A sharp fall in aid flows will compound this crisis. For developing countries as a whole (including middle-income countries), aid flows are not a major source of development finance – much smaller than commercial lending, foreign direct investment or remittances. But for the poorest countries, especially those affected by conflict, aid remains vital – often the only viable source for funding for improving essential services and infrastructure. In fact, in the world’s most fragile contexts – including Afghanistan, Burundi, Somalia, Yemen, South Sudan and the Central African Republic – aid in 2023 was more than 20% of GNI. A precipitous withdrawal of aid – affecting not just direct support to citizens, but also jobs in the aid sector and the local goods and services it procures – will be a major economic shock. In the short term, the place beyond aid will be one of increased hardship and rising humanitarian need.

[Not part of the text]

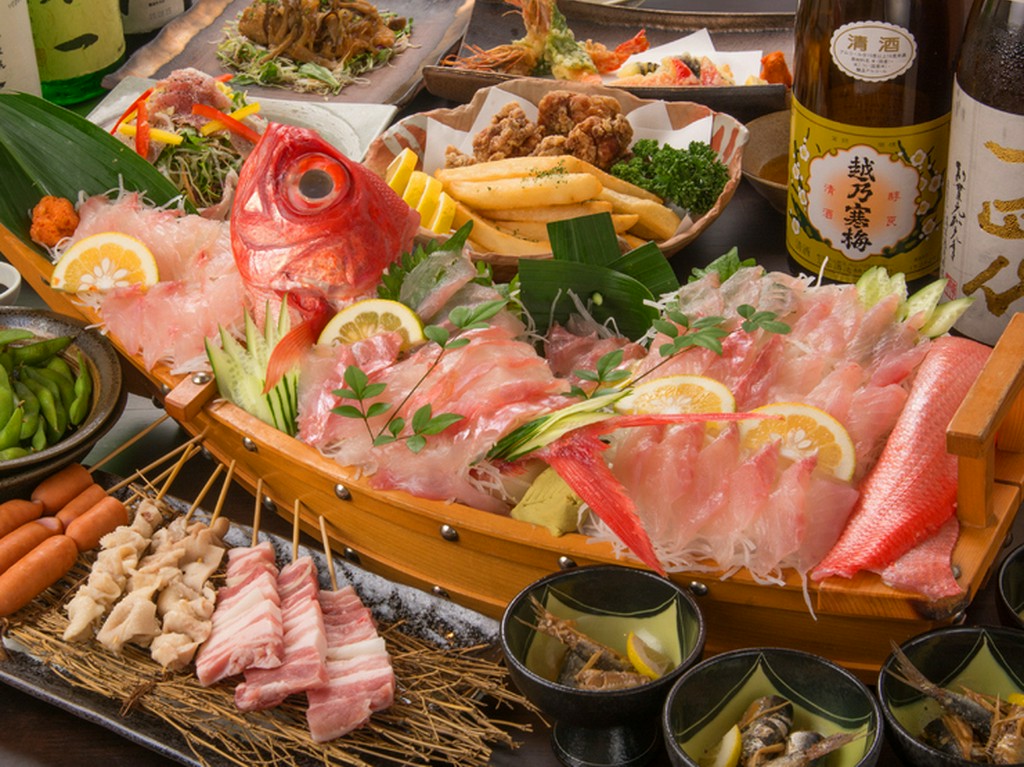 忘年会コースの予約受付開始。一年の締めくくりを豪華舟盛で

A global trade war would be a further shock. There has been much comment on the absurdity of punishing tiny, jeans- and diamonds-exporting Lesotho for its trade imbalance with the US. But a bigger question is whether the US has now walked away from its African Growth and Opportunity Act (AGOA), which provided duty- and quota-free access to the US market for a wide range of African exports. AGOA had been key to building the nascent textiles and garments sector in Ethiopia, Ghana and other countries, and to other efforts to link Africa to global value chains. Furthermore, if US tariffs take the wind out of China’s economic growth, Africa will be caught in the crossfire. China has been Africa’s largest trading partner for decades, and past economic slowdowns have meant lower prices for African commodities. If globalisation is now going into reverse, many developing countries will be forced to rethink their development pathway.
All in all, the place beyond aid looks perilous and uncertain. New possibilities will no doubt open up. But there will be real pain to get through in the short term.